PROBLEM STATEMENT:
Stop after the line holding "Used Toyota Previa". Repeat exactly every line before it in the records below, that line too, and leave out the pictures.

[THE DATA — start]

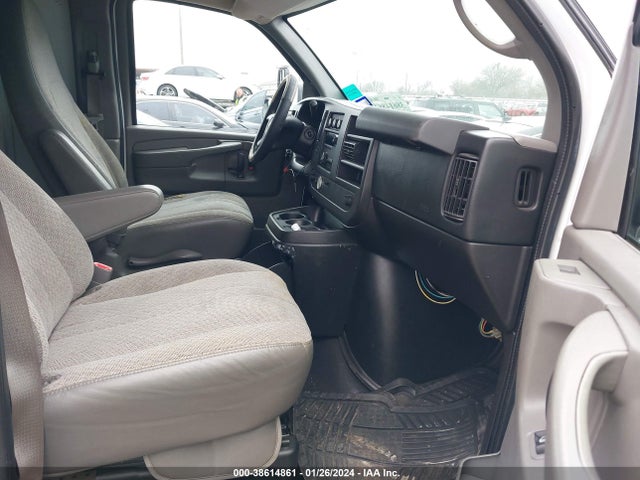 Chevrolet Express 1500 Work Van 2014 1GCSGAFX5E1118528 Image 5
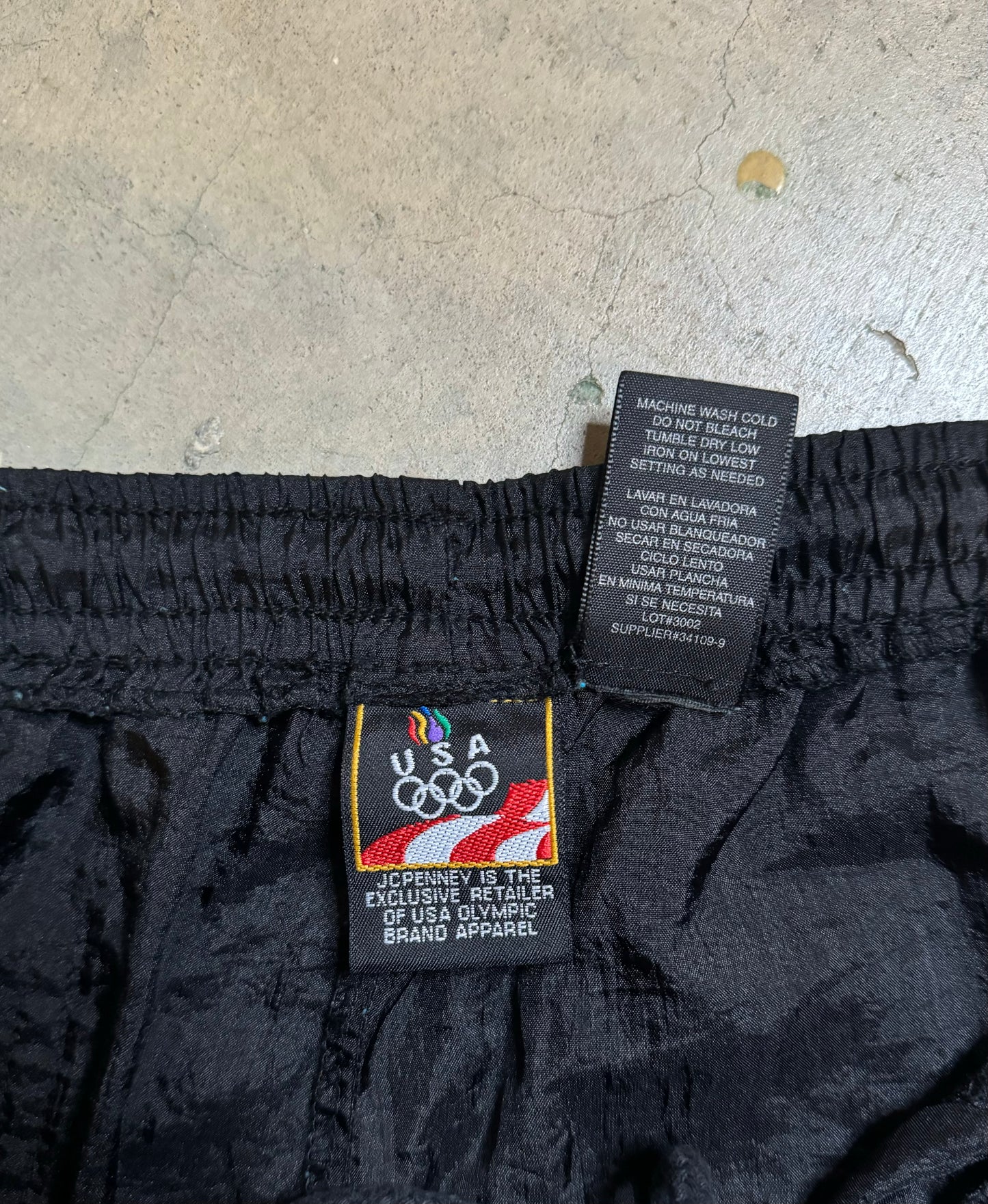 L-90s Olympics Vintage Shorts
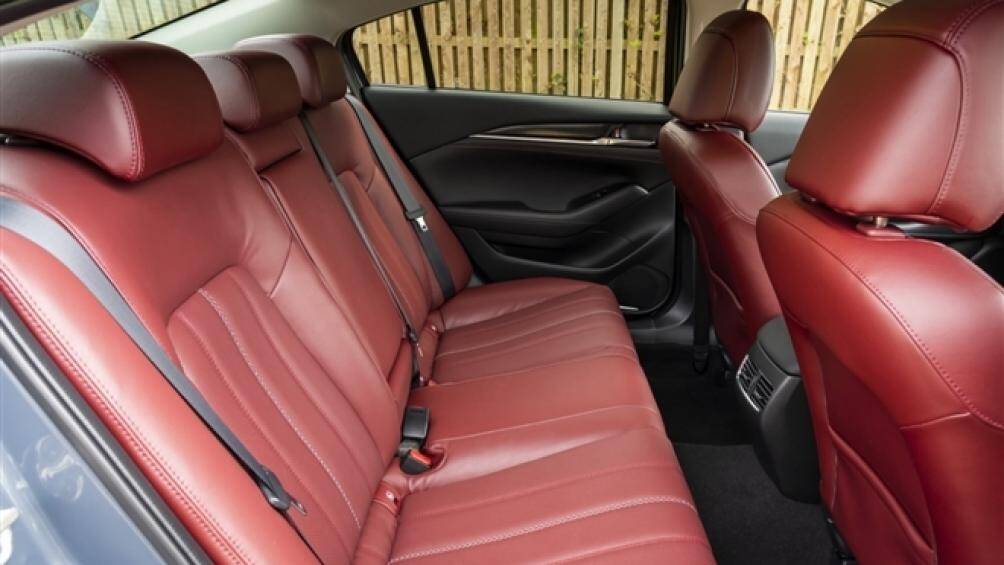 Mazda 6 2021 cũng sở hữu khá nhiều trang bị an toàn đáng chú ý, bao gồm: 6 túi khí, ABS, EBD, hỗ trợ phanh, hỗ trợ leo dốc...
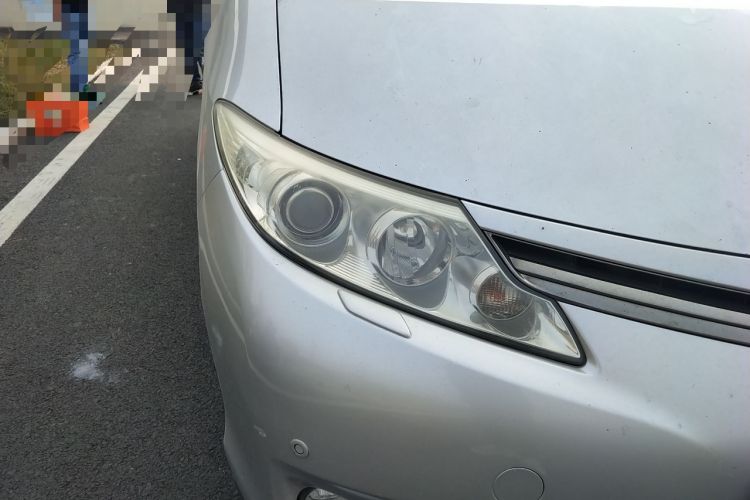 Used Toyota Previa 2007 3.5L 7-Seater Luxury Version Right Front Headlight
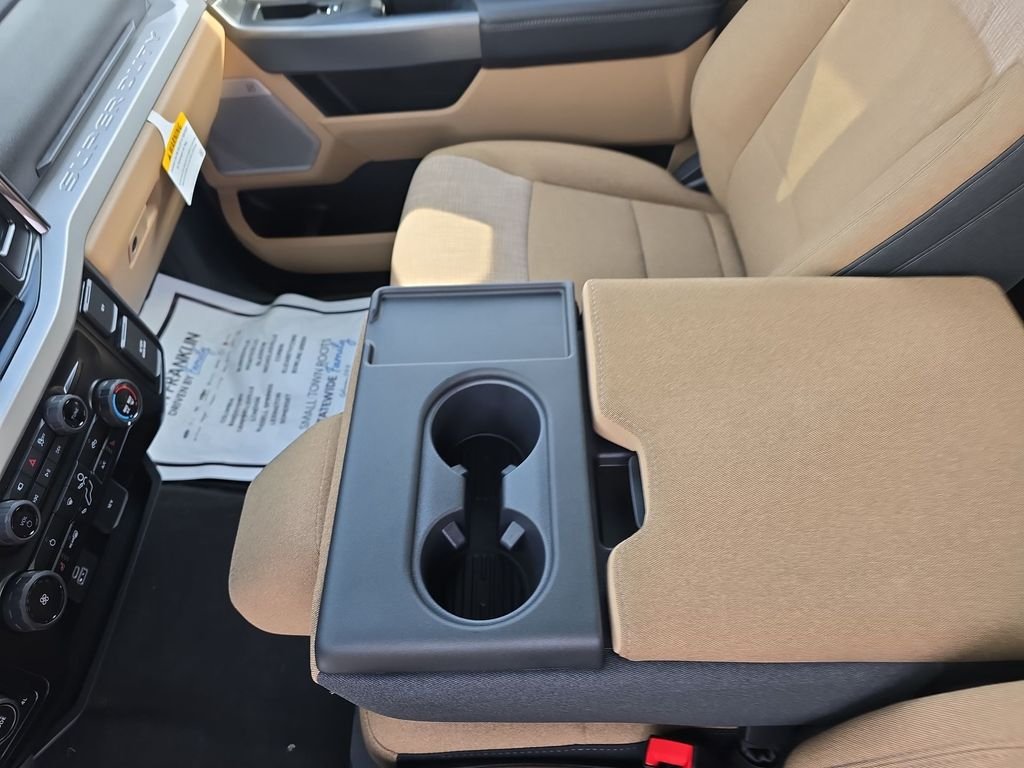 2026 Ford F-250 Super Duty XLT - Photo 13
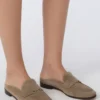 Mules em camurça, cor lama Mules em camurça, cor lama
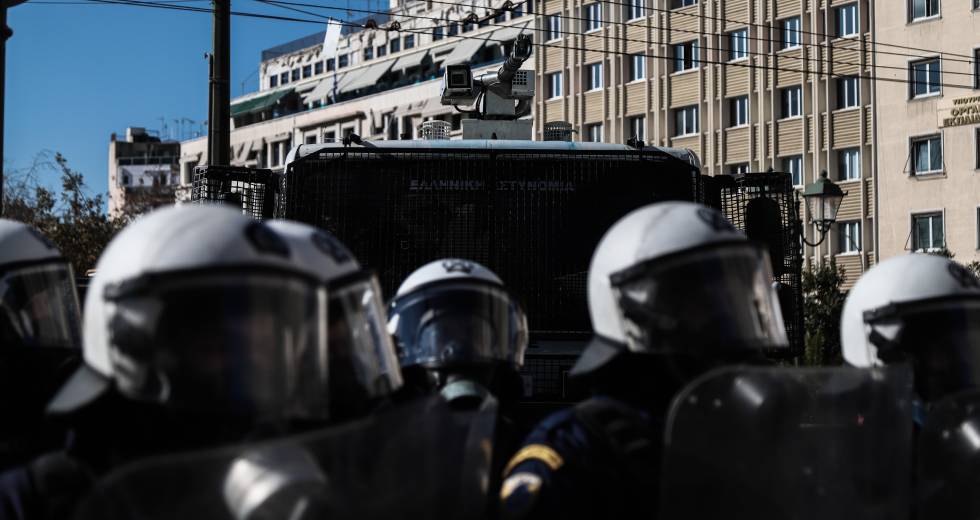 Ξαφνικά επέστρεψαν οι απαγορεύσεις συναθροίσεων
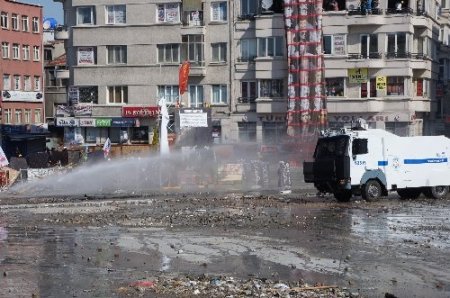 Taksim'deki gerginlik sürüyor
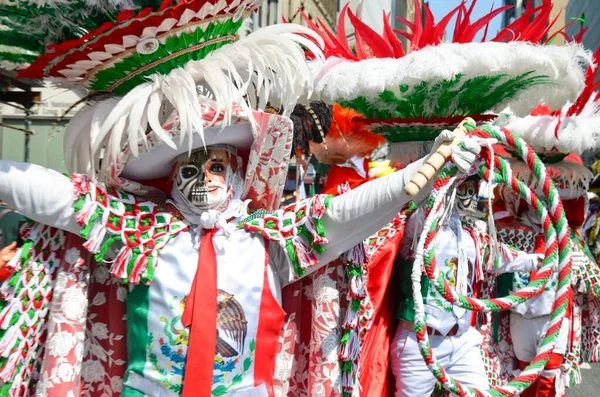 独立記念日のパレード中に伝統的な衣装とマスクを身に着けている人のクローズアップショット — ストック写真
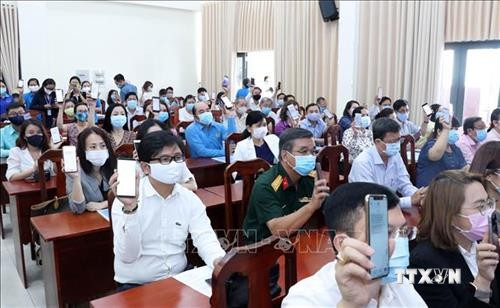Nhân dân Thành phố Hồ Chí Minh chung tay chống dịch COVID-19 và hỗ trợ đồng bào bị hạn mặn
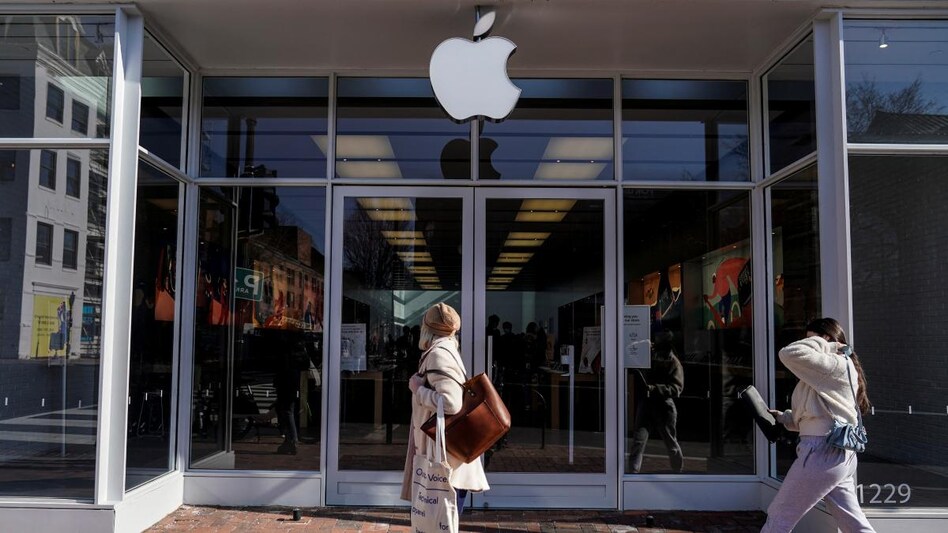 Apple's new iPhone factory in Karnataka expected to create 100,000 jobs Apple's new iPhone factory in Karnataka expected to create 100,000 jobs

[THE DATA — finish]

EXERCISE RESPONSE:
 Chevrolet Express 1500 Work Van 2014 1GCSGAFX5E1118528 Image 5
 L-90s Olympics Vintage Shorts
 Mazda 6 2021 cũng sở hữu khá nhiều trang bị an toàn đáng chú ý, bao gồm: 6 túi khí, ABS, EBD, hỗ trợ phanh, hỗ trợ leo dốc...
 Used Toyota Previa 2007 3.5L 7-Seater Luxury Version Right Front Headlight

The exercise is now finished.